Os hackers modificaram as suas operações em 2025, branqueando criptomoedas muito mais rapidamente após uma exploração. O recente relatório da Global Ledger revelou as técnicas em evolução dos hackers e as maiores ameaças no espaço cripto.
Os hackers alteraram os seus alvos e técnicas de branqueamento em 2025, conforme revelado pelo mais recente relatório da Global Ledger sobre explorações. O relatório da Global Ledger baseia-se em 255 incidentes reportados com um total de 4,4 mil milhões de dólares em perdas.
A estimativa exata dos ataques é rastreada por diferentes métodos, uma vez que a Cryptopolitan reportou um total inferior de 3,4 mil milhões de dólares. No entanto, surgiu um panorama comum, onde os hackers visam funcionalidades Web3 e descobrem formas de explorar o ambiente de Agente de IA.
A empresa suíça de análise de blockchain Global Ledger examinou os detalhes de múltiplos ataques, descobrindo a velocidade de movimentação e disfarce de fundos.
A movimentação mais rápida de fundos demorou cerca de dois segundos, de acordo com a Global Ledger. Apesar disso, cerca de 50% dos fundos permanecem por gastar após o ataque ou aguardam meses para serem movidos.
Em 42% das explorações, os hackers recorreram ao Tornado Cash para branqueamento. No geral, os hackers movimentaram fundos duas vezes mais rapidamente na segunda metade de 2025. Em 76% dos casos, conseguiram mover, dividir ou branquear parcialmente os fundos mesmo antes de a exploração ser intercetada e reportada.

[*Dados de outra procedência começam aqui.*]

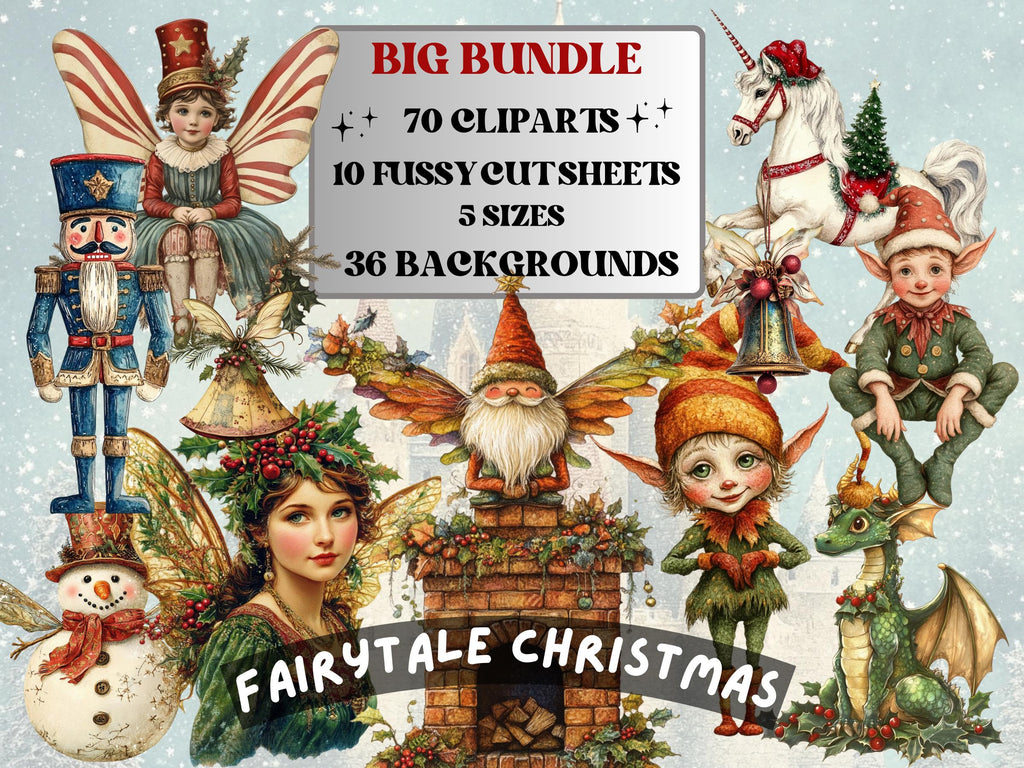 Fairytale Christmas Collage Elements Bundle, Quirky Christmas Fussy Cut, Xmas Characters Clipart, Retro Junk Journal, Xmas Scrapbooking Set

As vítimas também começaram a reagir mais rapidamente, comprimindo o seu tempo de reação em mais de metade no segundo semestre. As novas reações de congelamento de fundos sempre que possível e cooperação com exchanges levaram a uma desaceleração das explorações na segunda metade de 2025.
Apesar da rápida movimentação de fundos, os hackers ainda demoraram 10,6 dias em média para branquear fundos no segundo semestre, comparado com cerca de oito dias na primeira metade do ano. Os agentes maliciosos fragmentaram o seu saque, dividindo-o em partes menores através de mais intermediários e durante um período ligeiramente mais longo.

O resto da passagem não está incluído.